Your prospective client isn’t your enemy (and you should never think of them as such). And you never engage with your competitors in anything that resembles the kind of direct conflict that defines a military competitor (you’re both competing to win hearts and minds, you do this without ever engaging with each other as “enemies.”).
But the metaphor still works. In sales, there is friction.
Friction Inside Your Client’s Company
You encounter friction within your client’s company. The status quo (and it’s many defenders) produce friction by opposing change. The stakeholders that prefer a different solution or a different provider produce friction by opposing your efforts.
Sometimes you encounter friction when another project pops up and takes precedence over a deal you’ve been working on. Or maybe the stakeholder that was sponsoring your initiative leaves the company, a loss that sinks your project (or at least sets it back).

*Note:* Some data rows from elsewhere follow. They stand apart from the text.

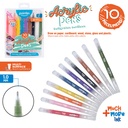 PENS, ACRYLIC,1.0MM, SET OF 10 COLORS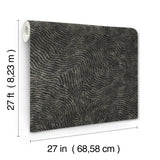 Modern Wood Black Geometric Wallpaper with Metallic Raised Ink - York OI0716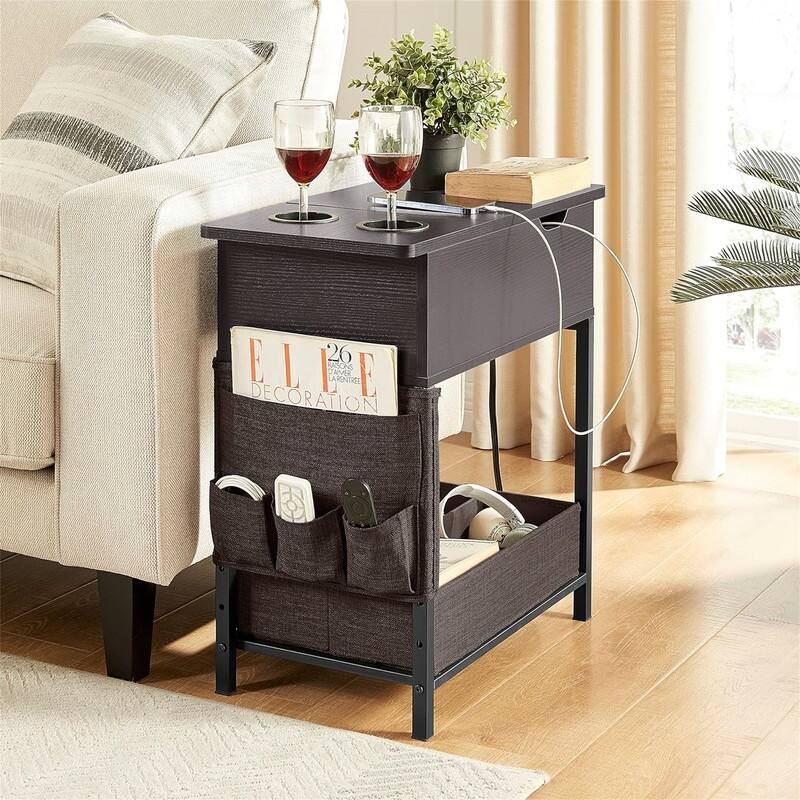 Small Side Table with USB Ports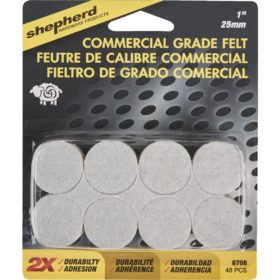 Shepherd Hardware 1 In. Beige Self-Adhesive Commercial Grade Felt Pads (48-Count) (6708)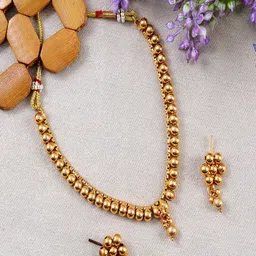 UNIVERSITY TRENDZ Gold Plated Traditional Marathi Choker Jewellery Set-picture-26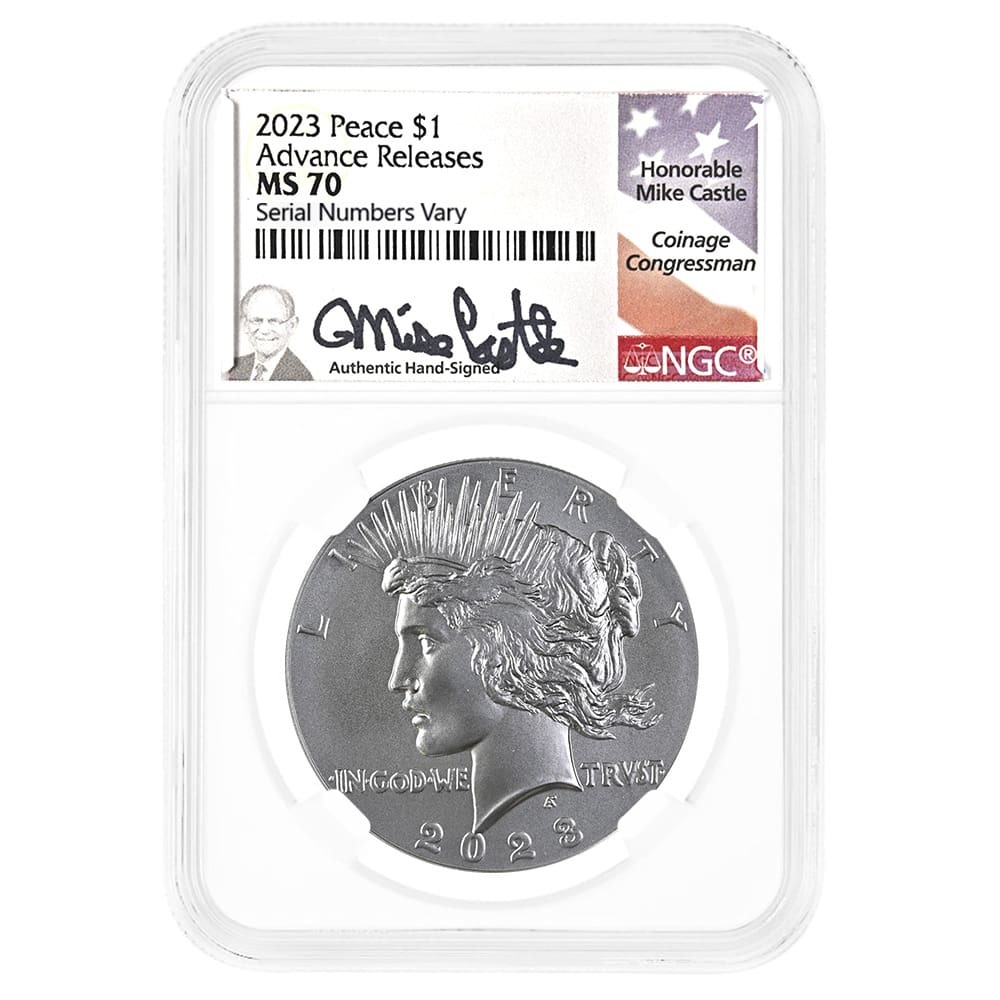 2023 Peace Silver Dollar NGC MS 70 AR (Castle)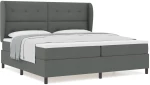 vidaXL Κρεβάτι Box Spring με Στρώμα σε Σκούρο Γκρι, 200x200 εκ. Ύφασμα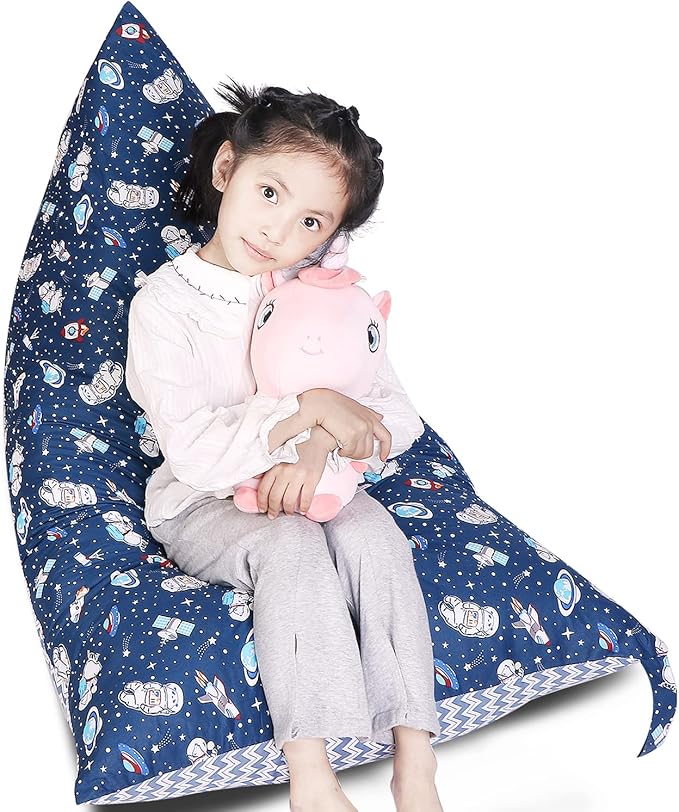 Stuffed Animal Storage Bean Bag Chair Cover, Cotton Blue Universe Plush Toy Storage Stuff and Sit Seat for Kids/Teens/Adults, 52" x 31" Extra Large Triangle Floor Sofa, 200L/52Gal, Cover Only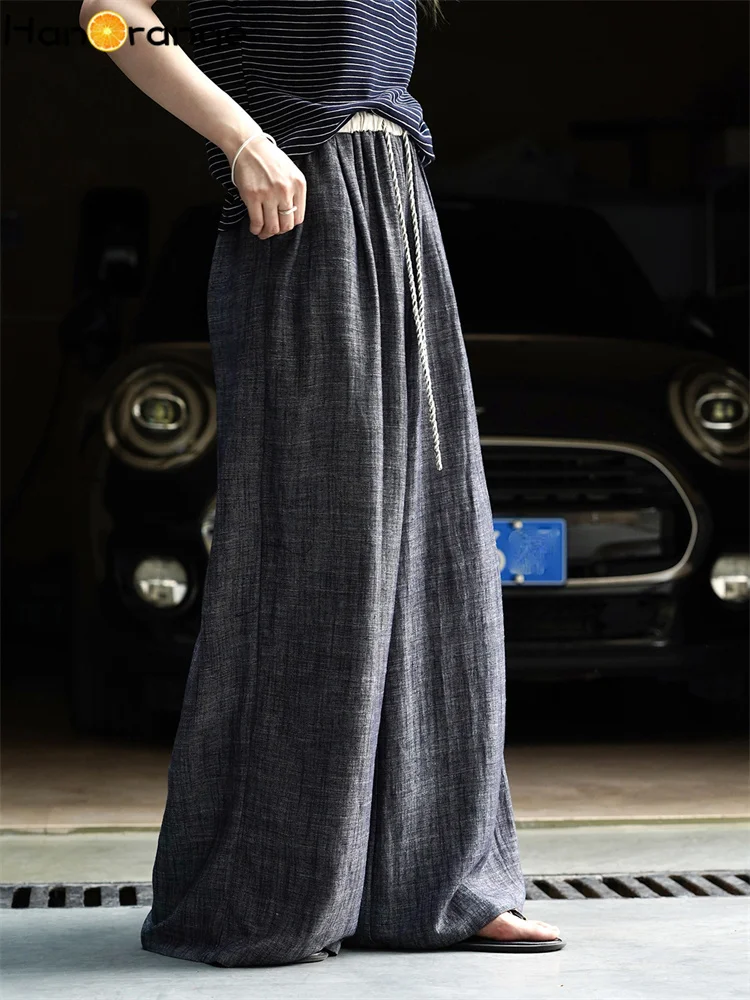 HanOrange 2025 Summer Splicing Linen Casual Pants Women Retro Drip Dry Breathable Trousers Black Gray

Your competitors also produce friction. They create value in a way that is different from the way you create value. The attractive parts of the value they create can cause your client to change their minds about what they want. It can also make them prefer something different, something you don’t offer.

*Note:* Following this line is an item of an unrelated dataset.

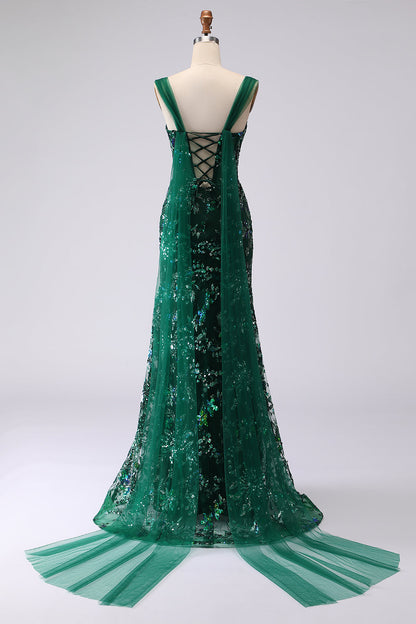 Plus Size Sparkly Floral Dark Green Mermaid Sequins Long Prom Dress with Slit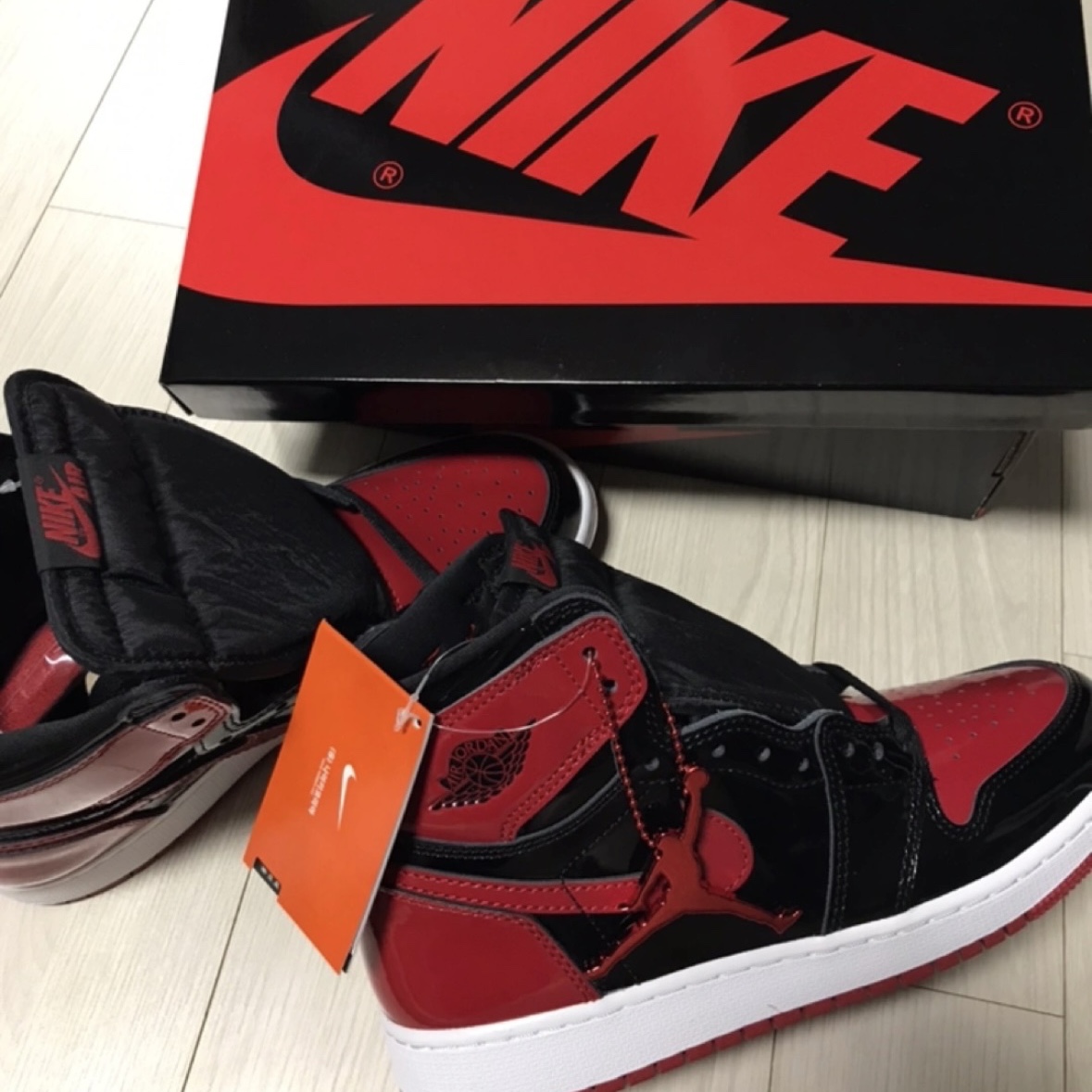 (GS) Jordan 1 Retro High OG Patent Bred, Jordan 1 Retro High OG Patent Bred 착용 스타일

Your competitor’s pricing model can produce all kinds of friction, especially when you have very different business models.
Your competitors are good at what they do, too; they are also winning hearts and minds–maybe some of the very hearts and minds that you need. This is another list that could continue on for pages.
Dealing with Friction
Friction is inevitable. To combat friction, you need to follow the rules of this disruptive age.

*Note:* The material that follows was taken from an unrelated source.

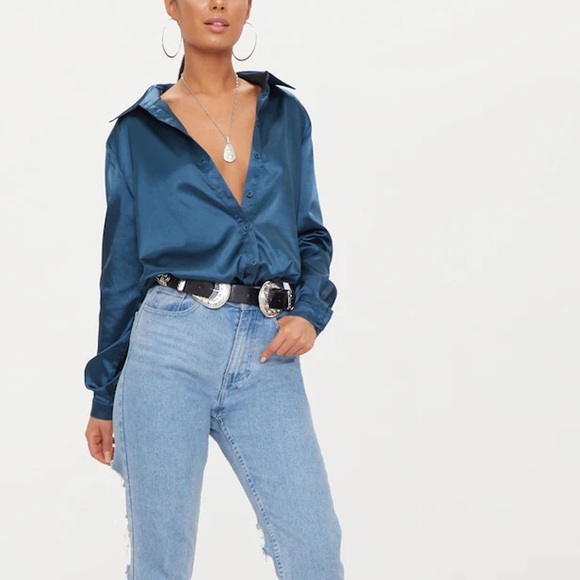 Satin button up - Picture 3 of 3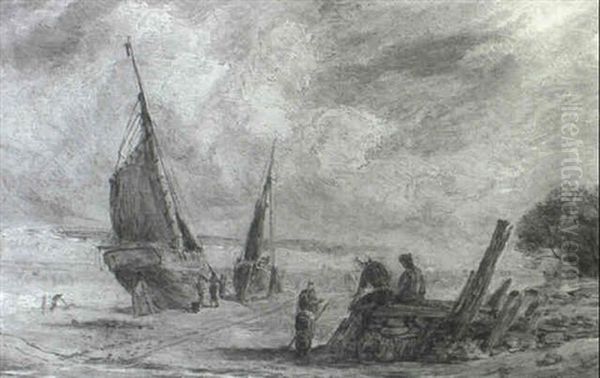 Figures By Beached Fishing Vessels Oil Painting by William Joseph J. C. Bond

As a salesperson, you need to develop yourself so that you are better prepared to deal with friction. You need to observe what’s happening, orient yourself, decide what you need to do, and act (The OODA Loop). You need to think about what needs to change in order for you to win. You also need to study your wins and your losses so that you can duplicate what works and eliminate what doesn’t.
As a sales leader, you need to spend your time preparing your sales force to think for themselves, to exercise their initiative, and to be resourceful. Effectively dealing with friction requires creative solutions. Mostly it requires creative solutions on the spot. A lot of the answers aren’t going to be found within the confines of your sales process (although the creative solutions should be captured and codified so they can be shared).
What are the challenges that occur as you pursue an opportunity where your sales strategy and sales process provide no guidance?
How do you deal with obstacles to an opportunity when you’ve never before experienced that obstacle?
How do you prepare for problems, challenges, and opportunities that haven’t yet occurred?
How do you lead people in a way that allows them to successfully deal with new, unique, and difficult obstacles?